Eastern New Mexico University officials say it’s preliminary, but a projected enrollment increase this fall will set a record.
ENMU is seeing an overall enrollment increase of 10.7 percent to more than 4,550 students.
According to a news release from ENMU, the previous record enrollment was 4,342 in fall 1972.
The university will finalize the numbers in its Sept. 4 census.
University officials are also reporting an increase of more than 8 percent in total credit hours being taken.
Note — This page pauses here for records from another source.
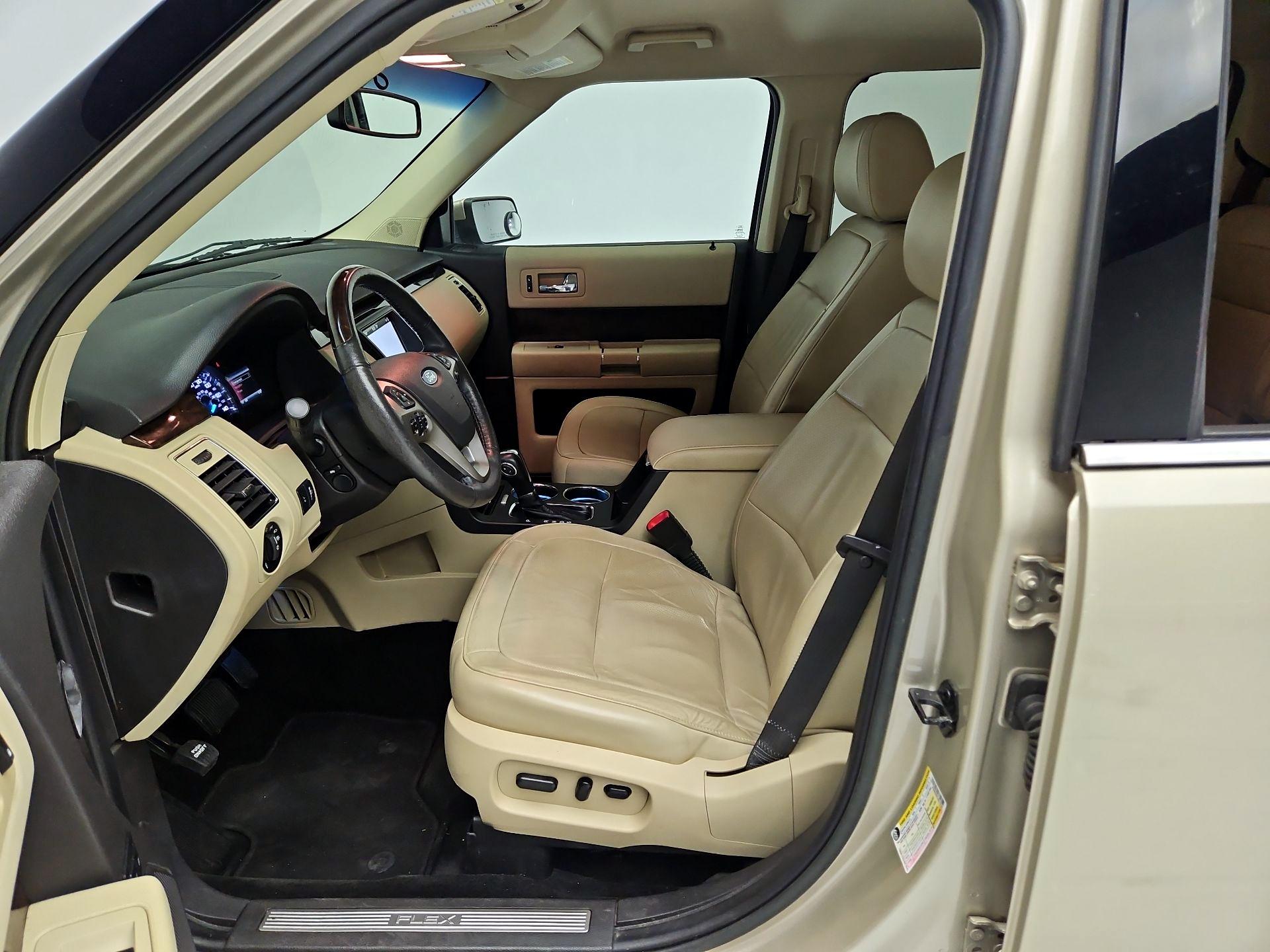 Thumbnail: 2018 Ford Flex - 11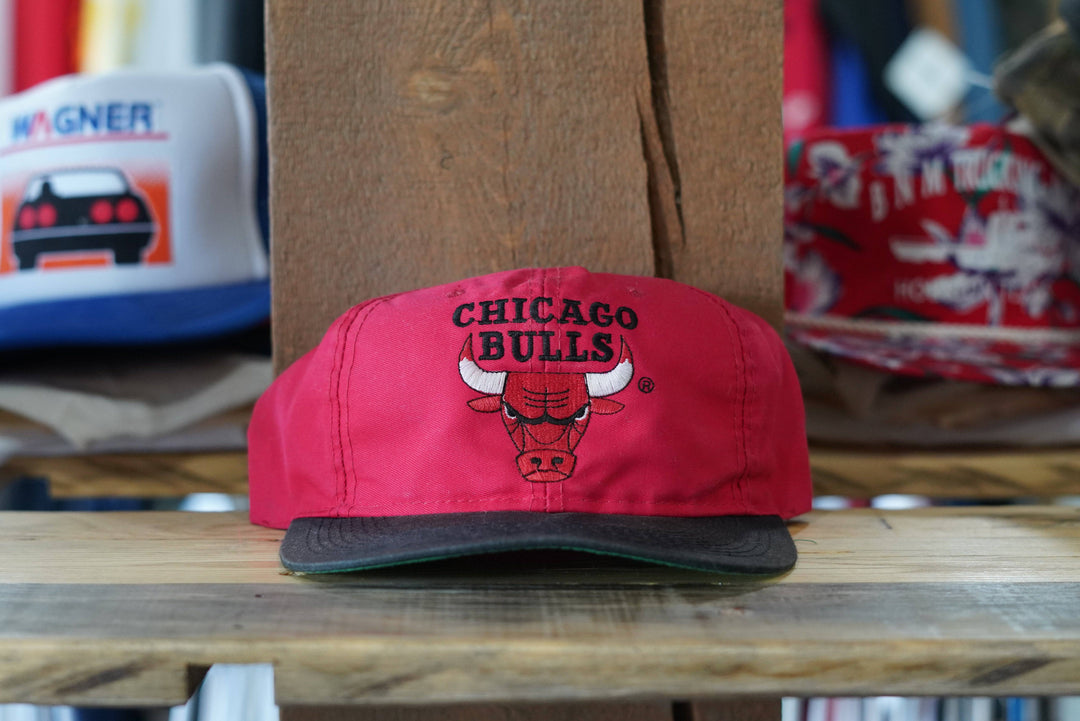 Chicago Bulls NBA Vintage 90s G-Cap Snapback Hat Red/Black - West Block Vintage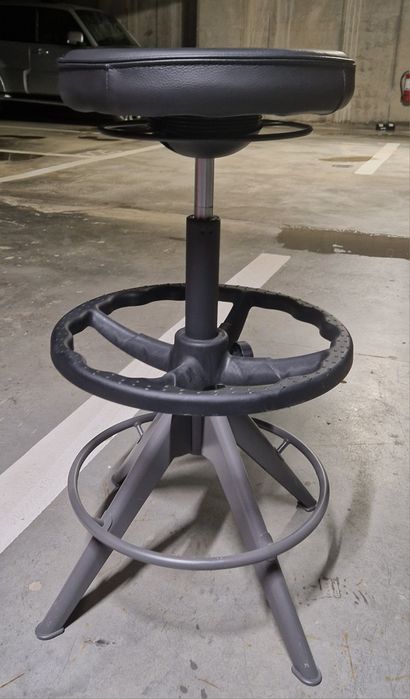 Scaune de bar rotative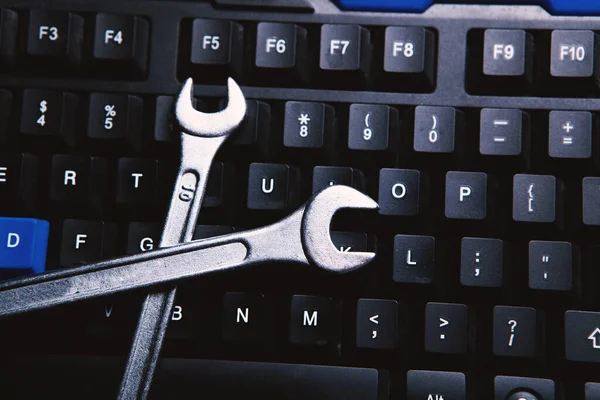 Elektronik destek konsepti. Anahtarlar 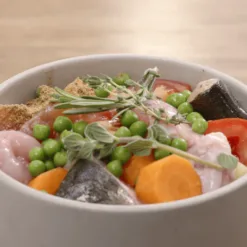 Alternative view of 貓糧 - 三文魚雞肉鮮魚 So-Fish-Ticated Salmon | Meowing Heads 英國天然無穀物成貓糧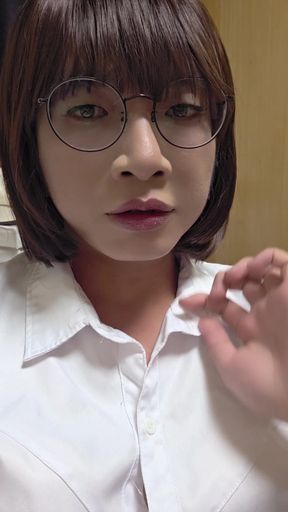 Shemale Ting Xuan Office lady pees outdoors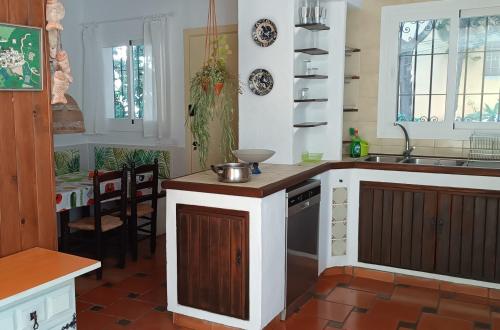 cocina con fregadero y encimera en Villa Tortuga, en Marbella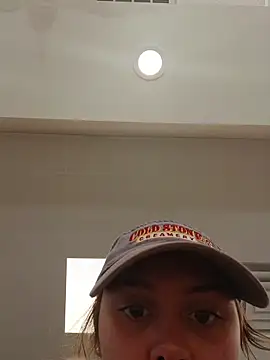 ryder393 online show from November 6, 2025, 5:50 pm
And that increase is important because it means ENMU qualifies for a state funding increase in the 2010 Legislative session.
President Steven Gamble said the delay comes because the Legislature allots money starting for a fall semester, and the state must verify the increase.
Board of Regents Vice President Marshall Stinnett attributed the numbers largely to university efforts.
“I think that we’ve done very well in recruiting and taking care of students once they get to campus, and it’s beginning to pay off,” he said.
Stinnett also said fewer high school seniors go to work with the troubled economy.
Gamble also cited the school’s reputation and people going to school because they couldn’t find a job they wanted with less education.
“We are inexpensive,” he added.
ENMU has a low cost compared to other such schools, and people are looking for that and quality when their budgets are tighter, Gamble said.
For graduate students, Gamble said credit hours are up 31.4 percent and enrollment is up 30 percent, the biggest increase among the student categories, compared to last year.
Undergraduate credit hours are have risen 7 percent, while undergraduate enrollment increased 7.1 percent.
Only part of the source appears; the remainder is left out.